Mr. Trump tweeted, "If the players stood for our flag and anthem, and it is all shown on broadcast, maybe ratings could come back."
William Brangham explores the month-long dispute.
William Brangham:
By some measures, the NFL is in great shape. Football games are consistently the most popular events on TV, and owners are making millions.
But the NFL is also wrestling with multiple scandals, horrible violence committed off the field by players, the growing awareness that players' bodies and brains can be irreparably damaged by the game, and, of course, the political protests by some players, which have been amplified and attacked by President Trump.
New York Times political reporter Mark Leibovich spent four years in and amongst the owners and players of pro football.

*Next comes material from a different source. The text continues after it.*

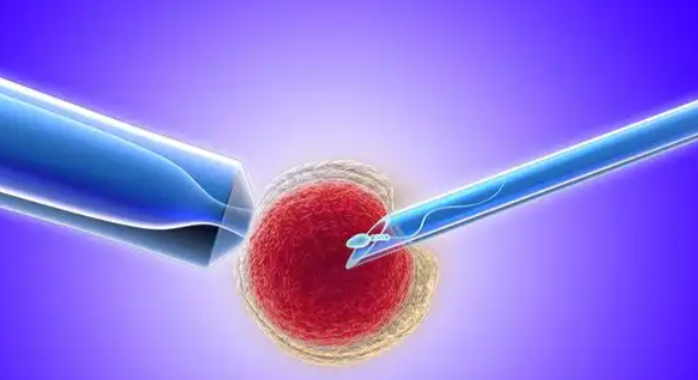 单身女性三代试管婴儿案例,成功经验分享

And he's just out with a new book, "Big Game: The NFL in Dangerous Times."
Welcome to the "NewsHour."
Mark Leibovich:
Good to be with you.
William Brangham:
So, many people are going to know you as a political reporter. They will remember your last book, "This Town," which was all about Washington, D.C.
Mark Leibovich:
Right.
William Brangham:
I'm just curious what it was like for you, spending all these years chronicling and covering Washington, and then now immersing yourself in what, to my eye, feels like a very different world.
Mark Leibovich:
To my eye, it did too. I wanted a respite from politics. I needed a break.
And, as it turned out, I jumped into the NFL swamp, and the respite from politics probably lasted about two minutes or so.
(LAUGHTER)
Mark Leibovich:
There was no escape from politics in the NFL. And that includes league politics, and then getting sort of immersed with the owners and the commissioner and a bunch of players.
You realize that the backbiting and the elbowing that goes on in Washington is very comparable to what you see in this organization. But then, obviously, Donald Trump got involved, and the NFL has become this hobby horse of his, and he thinks it's a winning political issue for him.
And he sort of jumped on it.
William Brangham:
You actually uncovered a tape of owners talking about the difficulty they were having with this.
What did you find?
Mark Leibovich:
This was during the height of the national anthem crisis last October. There was a private meeting between a group of players and a group of owners that Roger Goodell, the commissioner, convened at the Park Avenue headquarters.
And it was a private meeting. And one of the participants in this was nice enough to share an audio recording of this with me and Ken Belson, my colleague at The New York Times. And to be able to listen to how the owners talk about this issue, and really the kind of primal fear they have of Donald Trump was very reminiscent somewhat of listening to sort of U.S. senators or congressmen, particularly Republicans, who are living in fear of the next presidential tweet.
It's like you have a sense of someone who is manipulating events from afar. And I was amazed at how scared they sounded, how confused they sounded, and also how shortsighted they sounded. I mean, they are sitting at the top of a multibillion-dollar empire. They can just print money.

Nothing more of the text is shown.